D’OÙ IL VIENDRA JUGER LES VIVANTS ET LES MORTS.

Notre-Seigneur Jésus-Christ remplit à notre égard trois offices, trois ministères d’une importance capitale, et bien propres à relever l’honneur et la gloire de l’Église, ce sont ceux de Rédempteur, d’Avocat et de Juge. Dans les articles qui précèdent nous avons fait voir que par sa Passion et sa Mort Il a racheté tous les hommes, que par son Ascension Il est devenu à jamais leur Avocat et leur Défenseur. Il nous reste à montrer maintenant qu’Il est aussi leur Juge.

§ I. — CERTITUDE DU JUGEMENT.

Voici le sens et la portée de cet Article: Au dernier jour, Notre-Seigneur Jésus-Christ jugera le genre humain tout entier. Les Saintes Écritures, en effet, mentionnent deux avènements du Fils de Dieu: le premier, lorsque pour nous sauver Il a pris notre nature, et s’est fait homme dans le sein d’une vierge ; le second, quand, à la consommation des siècles, Il viendra pour juger tous les hommes. Ce dernier avènement est appelé, dans l’Ecriture, le jour du Seigneur. Le jour du Seigneur, dit l’Apôtre,  viendra comme un voleur dans la nuit, — personne ne connaît ce jour ni cette heure, dit le Sauveur Lui-même . Pour prouver la réalité de ce jugement, Il nous suffira de citer cette parole de l’Apôtre:  nous devons tous comparaître devant le tribunal de Jésus-Christ, afin que chacun reçoive ce qui est dû aux bonnes ou aux mauvaises actions qu’il aura faites, pendant qu’il était revêtu de son corps. L’Ecriture est remplie d’une foule de témoignages que les Pasteurs trouveront partout, et qui non seulement prouvent cette Vérité, mais peuvent la rendre sensible aux Fidèles. Et si, d’après ces témoignages, dès le commencement du monde, tous les hommes ont désiré très ardemment ce jour du Seigneur où Il revêtit notre chair, parce qu’ils mettaient dans ce mystère l’espoir de leur délivrance, aujourd’hui que le Fils de Dieu est mort et qu’Il est monté au ciel, nos soupirs et nos désirs les plus ardents doivent être pour cet autre jour du Seigneur,  où nous attendons la réalisation de la bienheureuse espérance et l’Avènement glorieux du grand Dieu.

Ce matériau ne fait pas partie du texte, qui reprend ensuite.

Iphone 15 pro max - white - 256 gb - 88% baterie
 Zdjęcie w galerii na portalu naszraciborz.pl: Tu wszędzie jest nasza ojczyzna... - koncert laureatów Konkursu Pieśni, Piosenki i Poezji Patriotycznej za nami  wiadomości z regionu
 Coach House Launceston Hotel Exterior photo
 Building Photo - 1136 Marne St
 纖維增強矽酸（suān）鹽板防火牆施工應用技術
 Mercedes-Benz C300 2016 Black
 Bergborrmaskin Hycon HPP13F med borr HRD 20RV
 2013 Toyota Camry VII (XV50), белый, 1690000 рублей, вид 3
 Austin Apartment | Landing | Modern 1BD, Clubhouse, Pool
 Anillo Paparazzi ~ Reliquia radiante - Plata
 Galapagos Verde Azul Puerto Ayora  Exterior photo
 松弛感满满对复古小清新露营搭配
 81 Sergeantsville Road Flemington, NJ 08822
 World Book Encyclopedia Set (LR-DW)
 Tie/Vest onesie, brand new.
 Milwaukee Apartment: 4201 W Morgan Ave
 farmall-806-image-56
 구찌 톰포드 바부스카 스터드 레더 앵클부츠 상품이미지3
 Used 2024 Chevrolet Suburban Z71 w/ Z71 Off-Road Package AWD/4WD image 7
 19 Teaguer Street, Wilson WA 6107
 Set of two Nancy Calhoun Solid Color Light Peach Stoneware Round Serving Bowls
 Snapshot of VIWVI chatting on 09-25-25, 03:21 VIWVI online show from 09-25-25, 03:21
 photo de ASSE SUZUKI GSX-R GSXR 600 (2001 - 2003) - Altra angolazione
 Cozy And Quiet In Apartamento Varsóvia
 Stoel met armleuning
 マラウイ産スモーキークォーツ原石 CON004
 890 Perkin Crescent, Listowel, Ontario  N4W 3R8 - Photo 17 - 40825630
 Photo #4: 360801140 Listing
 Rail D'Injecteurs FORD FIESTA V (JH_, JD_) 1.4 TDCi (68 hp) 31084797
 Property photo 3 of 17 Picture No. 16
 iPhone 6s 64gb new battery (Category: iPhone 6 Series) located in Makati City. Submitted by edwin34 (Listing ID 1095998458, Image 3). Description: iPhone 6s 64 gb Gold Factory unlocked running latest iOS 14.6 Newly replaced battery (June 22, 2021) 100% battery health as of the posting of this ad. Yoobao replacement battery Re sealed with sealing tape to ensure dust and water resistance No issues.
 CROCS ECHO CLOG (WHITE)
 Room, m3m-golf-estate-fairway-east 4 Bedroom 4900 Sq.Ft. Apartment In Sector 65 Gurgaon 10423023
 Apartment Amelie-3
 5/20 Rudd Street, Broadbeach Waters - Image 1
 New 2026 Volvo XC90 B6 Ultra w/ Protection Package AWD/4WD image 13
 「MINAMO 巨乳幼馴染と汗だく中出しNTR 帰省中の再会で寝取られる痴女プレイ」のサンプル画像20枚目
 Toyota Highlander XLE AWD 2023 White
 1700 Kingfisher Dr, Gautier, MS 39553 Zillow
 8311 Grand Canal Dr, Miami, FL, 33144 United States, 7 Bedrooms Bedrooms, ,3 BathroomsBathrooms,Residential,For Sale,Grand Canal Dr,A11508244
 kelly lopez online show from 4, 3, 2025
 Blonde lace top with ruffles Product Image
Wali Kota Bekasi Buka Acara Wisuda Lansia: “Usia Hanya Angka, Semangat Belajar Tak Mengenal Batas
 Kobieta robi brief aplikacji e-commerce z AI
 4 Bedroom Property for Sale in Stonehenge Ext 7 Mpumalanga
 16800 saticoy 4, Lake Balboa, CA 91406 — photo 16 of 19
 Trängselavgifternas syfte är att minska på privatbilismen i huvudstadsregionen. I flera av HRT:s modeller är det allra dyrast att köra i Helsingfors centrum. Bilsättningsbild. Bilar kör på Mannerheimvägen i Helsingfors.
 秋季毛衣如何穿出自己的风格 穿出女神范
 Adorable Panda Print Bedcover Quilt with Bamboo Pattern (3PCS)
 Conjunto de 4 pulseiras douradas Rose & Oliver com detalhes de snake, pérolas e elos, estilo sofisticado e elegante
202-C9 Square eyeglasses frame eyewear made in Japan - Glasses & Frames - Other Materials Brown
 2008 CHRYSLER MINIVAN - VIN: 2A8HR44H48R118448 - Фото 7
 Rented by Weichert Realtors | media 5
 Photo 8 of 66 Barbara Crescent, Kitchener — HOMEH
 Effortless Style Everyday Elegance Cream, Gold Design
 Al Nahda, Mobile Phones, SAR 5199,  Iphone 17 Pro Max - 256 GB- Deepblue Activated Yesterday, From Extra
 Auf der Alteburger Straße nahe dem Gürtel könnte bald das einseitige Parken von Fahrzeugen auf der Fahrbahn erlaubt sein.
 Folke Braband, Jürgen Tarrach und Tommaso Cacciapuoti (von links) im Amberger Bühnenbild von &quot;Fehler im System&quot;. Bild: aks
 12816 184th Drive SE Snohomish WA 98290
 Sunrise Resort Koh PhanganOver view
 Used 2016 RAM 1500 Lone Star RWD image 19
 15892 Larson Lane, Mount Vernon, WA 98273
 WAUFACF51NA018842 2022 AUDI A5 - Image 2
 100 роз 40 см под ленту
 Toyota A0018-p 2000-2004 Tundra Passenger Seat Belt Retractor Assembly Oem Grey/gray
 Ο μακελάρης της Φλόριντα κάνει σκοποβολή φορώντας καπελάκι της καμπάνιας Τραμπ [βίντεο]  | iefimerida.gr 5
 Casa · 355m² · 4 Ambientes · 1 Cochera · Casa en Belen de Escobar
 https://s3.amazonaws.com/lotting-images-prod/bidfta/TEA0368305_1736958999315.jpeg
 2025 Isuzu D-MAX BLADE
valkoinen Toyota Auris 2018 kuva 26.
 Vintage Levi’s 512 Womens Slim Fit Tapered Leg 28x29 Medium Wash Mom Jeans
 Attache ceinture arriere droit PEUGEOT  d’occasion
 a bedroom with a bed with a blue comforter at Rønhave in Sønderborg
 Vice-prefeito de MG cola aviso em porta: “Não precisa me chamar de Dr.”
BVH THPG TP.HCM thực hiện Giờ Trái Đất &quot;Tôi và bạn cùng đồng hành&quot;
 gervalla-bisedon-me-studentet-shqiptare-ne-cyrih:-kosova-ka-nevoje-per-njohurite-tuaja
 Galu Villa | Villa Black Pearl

§ II. — DEUX JUGEMENTS, L’UN PARTICULIER ET L’AUTRE GÉNÉRAL.

Pour bien mettre en lumière cette vérité, les Pasteurs auront soin de distinguer deux temps différents où chacun de nous doit nécessairement comparaître devant Dieu, pour rendre compte de toutes ses pensées, de toutes ses actions, de toutes ses paroles, et pour entendre, séance tenante, la sentence de son Juge.

Le premier arrive au moment où nous venons de quitter la vie. A cet instant-là même, chacun paraît devant le tribunal de Dieu, et là il subit un examen rigoureux sur tout ce qu’il a fait, tout ce qu’il a dit, tout ce qu’il a pensé pendant sa vie. C’est ce qu’on appelle le Jugement particulier.

L’autre arrivera lorsque tous les hommes réunis ensemble, le même jour et dans le même lieu, comparaîtront devant le tribunal de leur Juge. Là, sous les yeux de tous les hommes de tous les siècles, tous et chacun entendront le Jugement que Dieu aura porté sur eux. Et cette sentence ne sera pas la moindre peine et le moindre châtiment des impies et des scélérats. Au contraire, les Saints et les Justes y trouveront une partie de leur récompense, puisque leur conduite y sera manifestée, telle qu’elle aura été pendant la vie.

Ce jugement s’appelle le Jugement général. Mais ici il faut nécessairement montrer pourquoi, après un Jugement particulier pour chacun, les hommes doivent subir encore un Jugement général pour tous.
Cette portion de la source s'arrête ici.